You're not alone if your first instinct is horror when thinking about babies and funerals. The two opposite ends of life in the same, sad place is jarring. And think of how mortifying it would be if your baby decided the middle of a eulogy was the best time to have a laughing and/or crying jag. It's why I would never bring a baby to a funeral. Except that I did, kind of.
After reading a piece about babies sitting shiva on Kveller, I remembered my daughter's first exposure to death and mourning -- when she was present at her grandfather's shiva when she was only 7 months old.
I didn't have much of a choice, since we were staying at my in-laws' home, but I did offer to keep her inside as the rabbi led the prayers to the gathered mourners in the backyard. I can't remember who told me to bring her out into the crowd, but as soon as she started to talk back to the rabbi, I turned to take her inside so she wouldn't be a distraction. My mother-in-law stopped me and was able to smile at her granddaughter's laughter and babble in the midst of the heart-wrenching grief. So my baby girl came outside every night to join in the songs and chatter away.

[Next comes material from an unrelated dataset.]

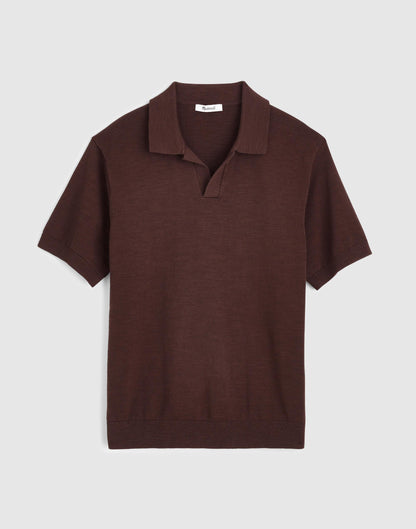 Johnny-Collar Sweater Polo in Slub Knit Cotton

Instead of it being awkward, it turned out to be a blessing for all of the family members who were devastated about my father-in-law's much too early passing. As we went inside to talk, the baby was a welcome, happy diversion. She was the first grandchild, and we felt blessed that she was able to meet her grandfather before he left us behind. Her grandfather lived on in her boundless laughter and love for her immediate and extended family who were all present.
It was a beautiful thing in the middle of so much pain. While I wouldn't bring my son to a formal funeral service today, if it were a family member (god forbid), I'd make sure he made an appearance at the reception, or shiva, and remind everyone how life does, indeed, go on.
Would you bring your baby to a funeral?